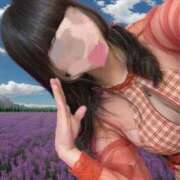 いくら しゅっきん！ 池袋マリン別館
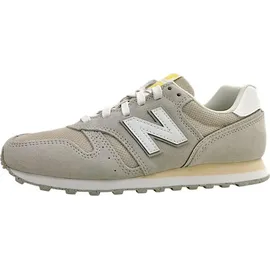 New Balance 373 Herren Grau 37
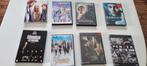Nederlandse Top DVD's, Ophalen of Verzenden, Nieuw in verpakking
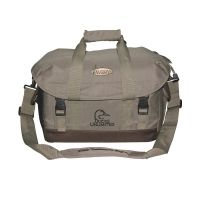 Avery Sporting Dog PRO Trainer's Bag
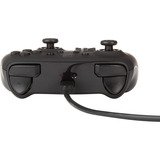 PowerA Switch WS Controller Black Zwart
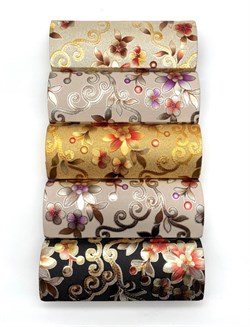 Т-20803X86 10 шт. 602427749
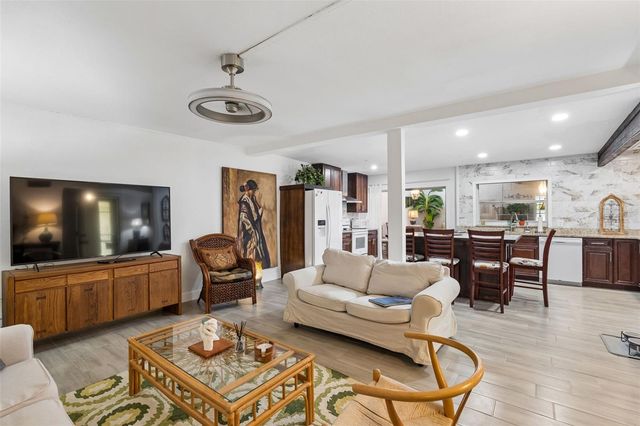 638 SAUSALITO BOULEVARD B5, Casselberry, FL 32707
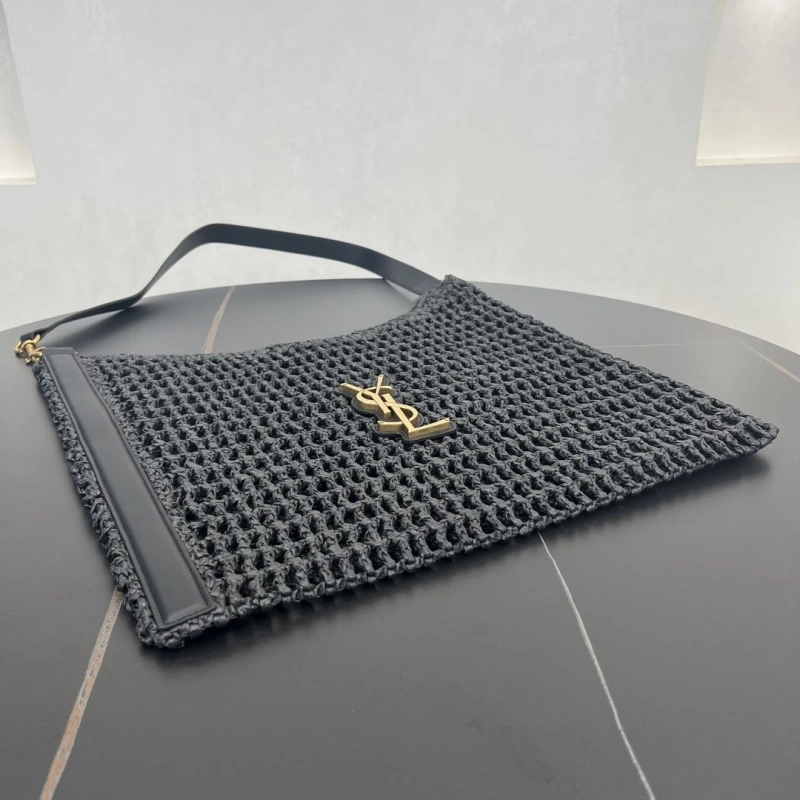 Y51 shopping bags 4250h-0319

## Directions for this task
Extract every line of the data exactly; pictures stay out.

## Exercise answer
 いくら しゅっきん！ 池袋マリン別館
 New Balance 373 Herren Grau 37
Nederlandse Top DVD's, Ophalen of Verzenden, Nieuw in verpakking
 Avery Sporting Dog PRO Trainer's Bag
 PowerA Switch WS Controller Black Zwart
 Т-20803X86 10 шт. 602427749
 638 SAUSALITO BOULEVARD B5, Casselberry, FL 32707
 Y51 shopping bags 4250h-0319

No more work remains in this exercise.